Le tour résolument punitif pris par les politiques pénales lors de la dernière décennie ne relève pas du simple diptyque «crime et châtiment». Il annonce l’instauration d’un nouveau gouvernement de l’insécurité sociale visant à façonner les conduites des hommes et des femmes pris dans les turbulences de la dérégulation économique et de la reconversion de l’aide sociale en tremplin vers l’emploi précaire. Au sein de ce dispositif «libéral-paternaliste», la police et la prison retrouvent leur rôle d’origine : plier les populations indociles à l’ordre économique et moral émergent.
C’est aux États-Unis qu’a été inventée cette nouvelle politique de la précarité, dans le sillage de la réaction sociale et raciale aux mouvements progressistes des années 1960 qui sera le creuset de la révolution néolibérale. C’est pourquoi ce livre emmène le lecteur outre-Atlantique afin d’y fouiller les entrailles de cet État carcéral boulimique qui a surgi sur les ruines de l’État charitable et des grands ghettos noirs. Il démontre comment, à l’ère du travail éclaté et discontinu, la régulation des classes populaires ne passe plus par le seul bras, maternel et serviable, de l’État social mais implique aussi celui, viril et sévère, de l’État pénal.
Et pourquoi la lutte contre la délinquance de rue fait désormais pendant et écran à la nouvelle question sociale qu’est la généralisation du salariat d’insécurité et à son impact sur les espaces et les stratégies de vie du prolétariat urbain.

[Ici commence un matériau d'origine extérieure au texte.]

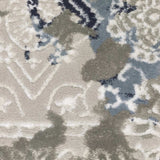 10' X 13' Grey Blue Ivory Brown And Navy Abstract Power Loom Stain Resistant Area Rug - Homeroots - Flyclothing LLC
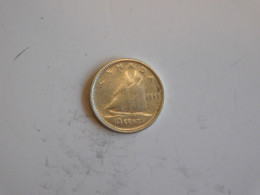 CANADA 10 Cents 1943 Cent Silver, Argent - Canada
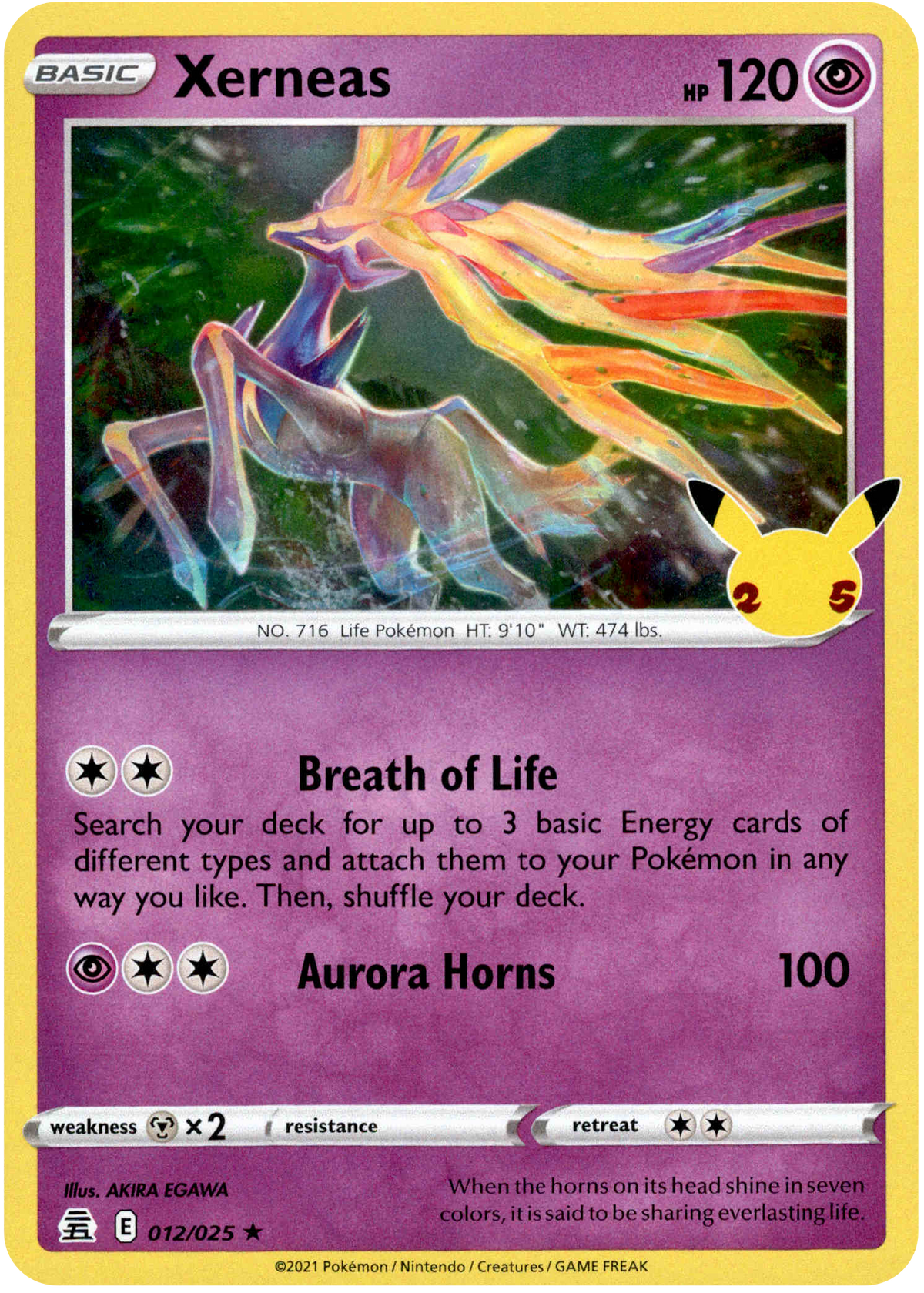 Xerneas - 012/025 - Celebrations - Holo - Card Cavern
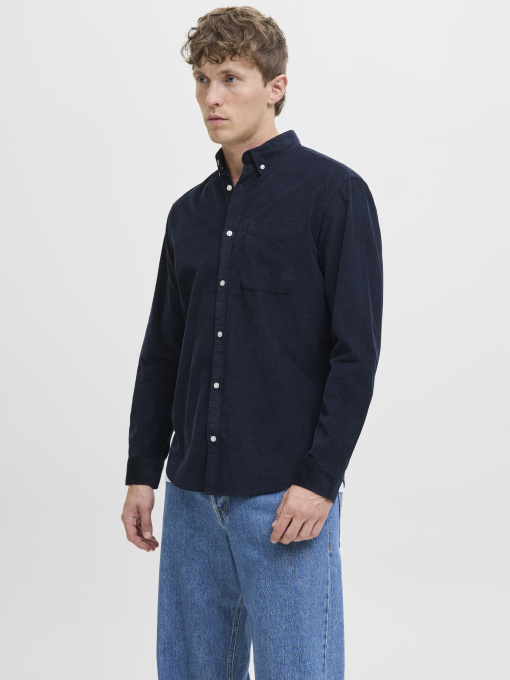 Сорочки JACK & JONES CLASSIC CORD SHIRT модель 12278967_Sky Captain Фото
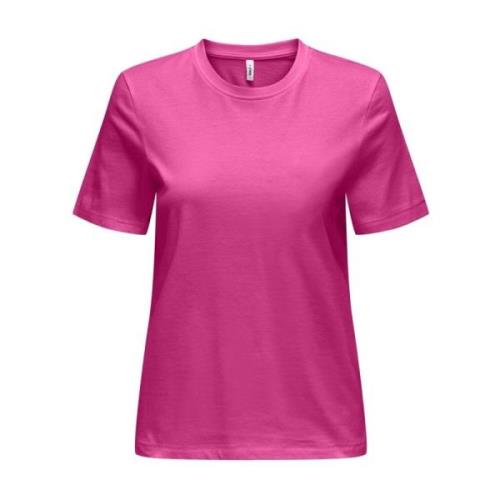 Stamleven Zak T-shirt Only , Pink , Dames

En découvrant les soubassements matériels et en démontant les ressorts de la « pensée unique sécuritaire » qui sévit aujourd’hui partout en Europe, et singulièrement en France, ce livre pointe les voies possibles d’une mobilisation civique visant à sortir du programme répressif qui conduit les élites politiques à se servir de la prison comme d’un aspirateur social chargé de faire disparaître les rebuts de la société de marché.